» Task statement
Write the listing out again word for word, leaving each picture behind.

» Source material
------------------------
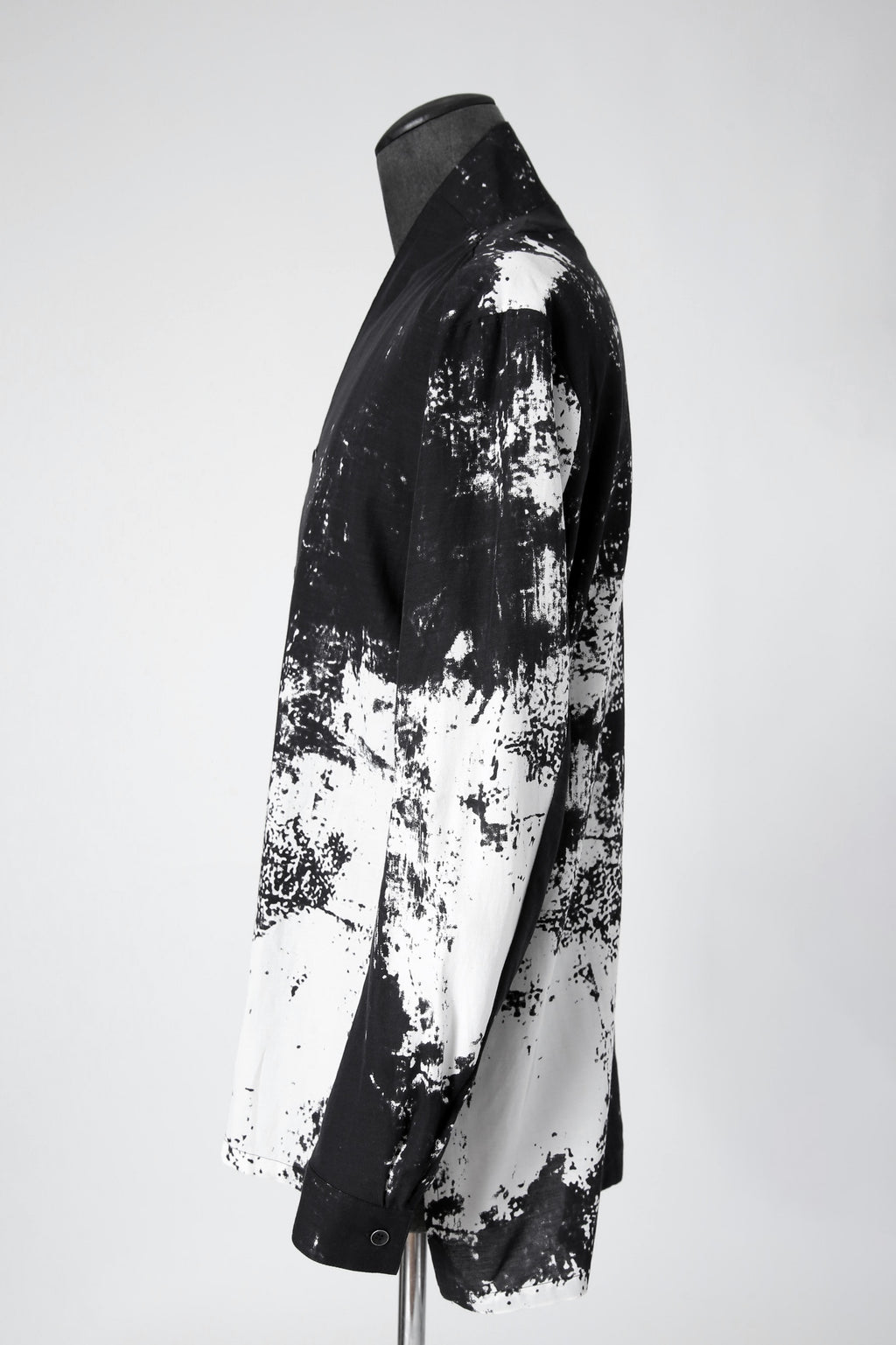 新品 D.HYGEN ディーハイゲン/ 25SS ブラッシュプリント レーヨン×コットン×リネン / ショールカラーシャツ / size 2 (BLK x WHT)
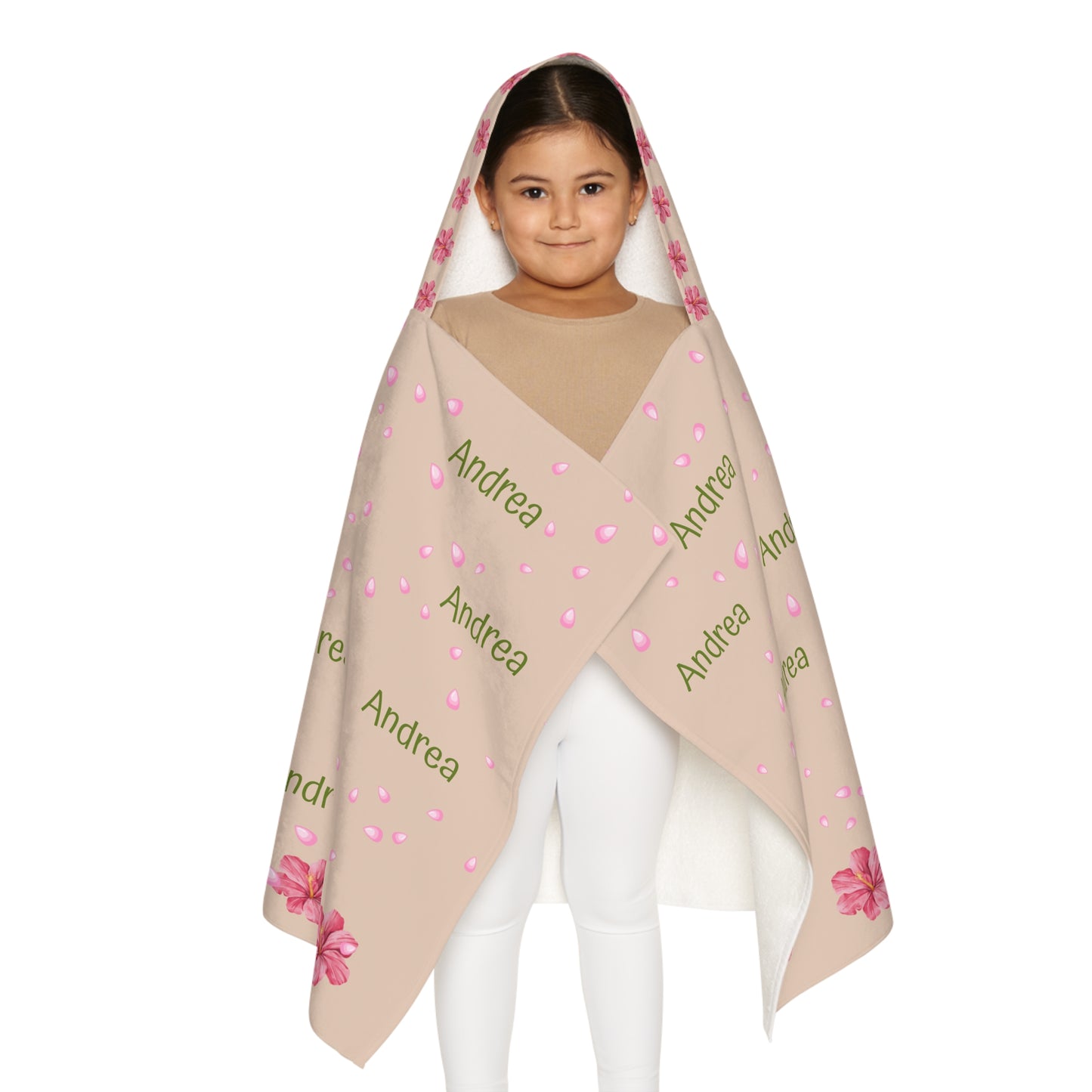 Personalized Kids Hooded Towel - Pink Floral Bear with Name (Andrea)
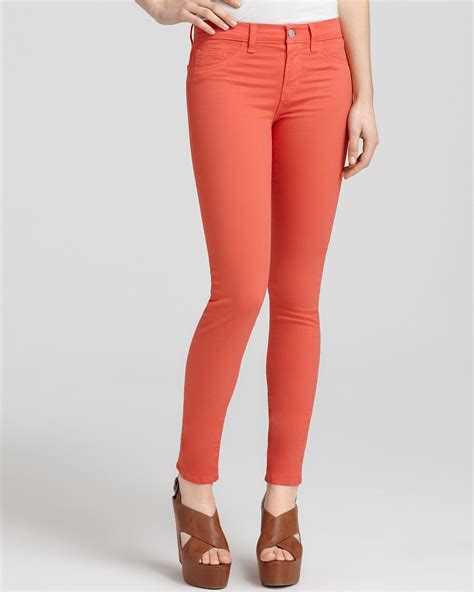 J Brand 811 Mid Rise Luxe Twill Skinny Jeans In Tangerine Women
------------------------
» Reply to the task
 新品 D.HYGEN ディーハイゲン/ 25SS ブラッシュプリント レーヨン×コットン×リネン / ショールカラーシャツ / size 2 (BLK x WHT)
 Personalized Kids Hooded Towel - Pink Floral Bear with Name (Andrea)
 J Brand 811 Mid Rise Luxe Twill Skinny Jeans In Tangerine Women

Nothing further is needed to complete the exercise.